The Straw-Chinked Wall


Over the weekend, Kelly and I took a nice hike between two stops on the railway that runs up the Calder River.  On the lower valley slopes, sheep graze over close-cropped hillsides of deep green grass bordered in dry-laid stone walls.  But on the high ridges where no grazing occurs, the strange, low flora of the wild Moor reigns.  The deep, spongy beds of moss, ferns, heather and grass extend for miles in spectacular mottled patterns.  It's comfortable though uneven walking off trail.  The ground is often saturated, but the structure of the vegetation allows a walker to stay relatively dry.  Along trails, where the vegetation is flattened, it can be a boggy mess, and many trails are actually paved in stone.  These amazing pathways of thick flagstone are indicative of the heroic efforts which have been invested in the Yorkshire landscape by its industrialists and community-minded residents.  We had a great tromp up to the ridgeline, caught one of these stone highways (the 250 mile Pennine Way) for a few miles, then descended to hike along a canal tow-path into Hebden Bridge.  

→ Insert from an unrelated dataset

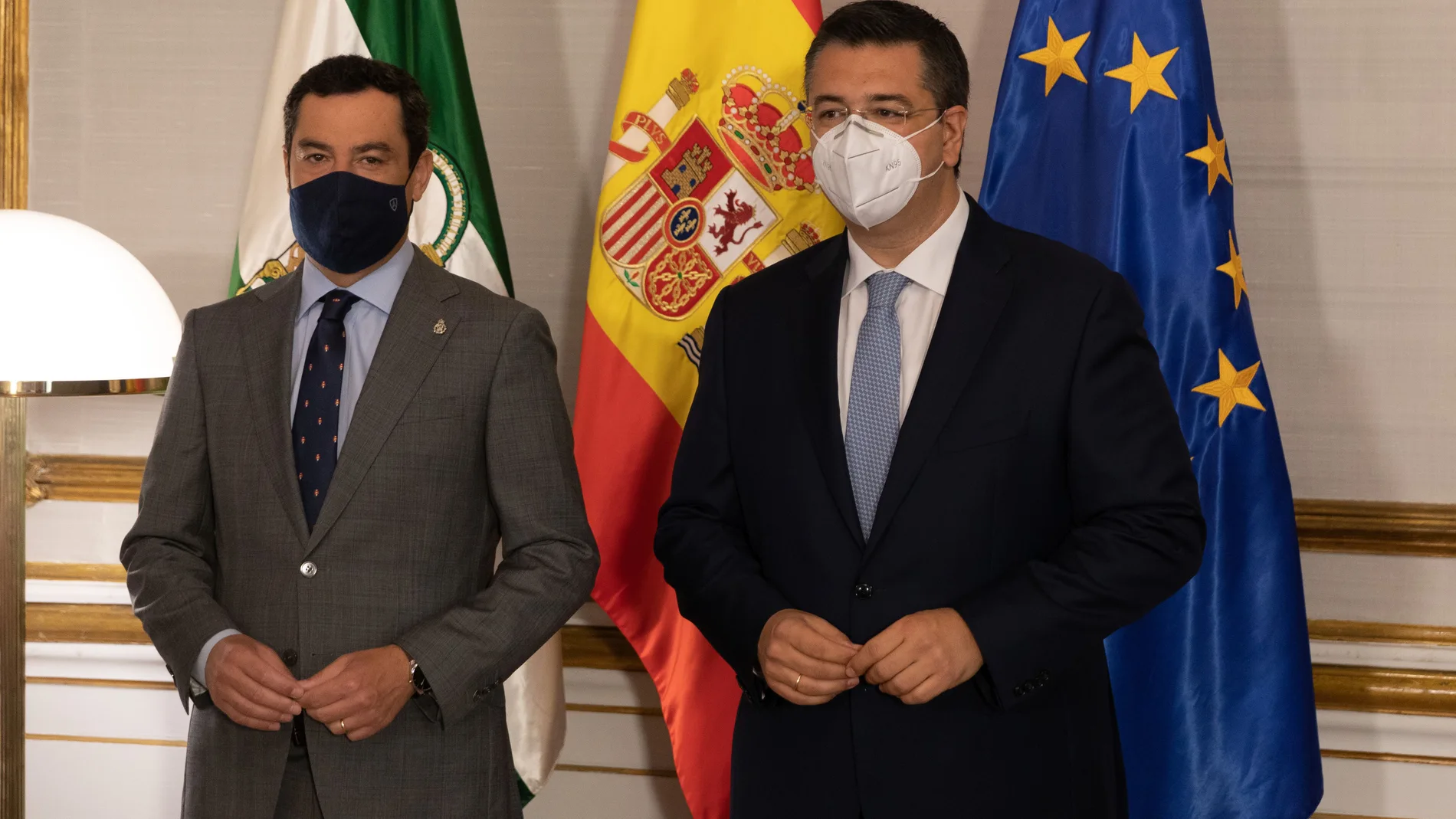 El presidente de la Junta, Juanma Moreno, a la izquierda, ha recibido hoy al presidente del Comité Europeo de las Regiones, Apostolos Tzizikostas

Well-made stone walls are a defining feature of this area and, I imagine, of much of the old country.  When hiking in the hills near Leeds, these walls provide a welcome windbreak from the cool and often misty wintertime winds.  If you've sought shelter from a stiff breeze behind a un-mortared wall, you'll know that the wind can find its way through gaps between the stones and create a weak draft.  We passed this stone wall, where wind-carried grass had been chinked into these gaps by the draft through the wall.  Also, hijinks from a rope swing on the way down.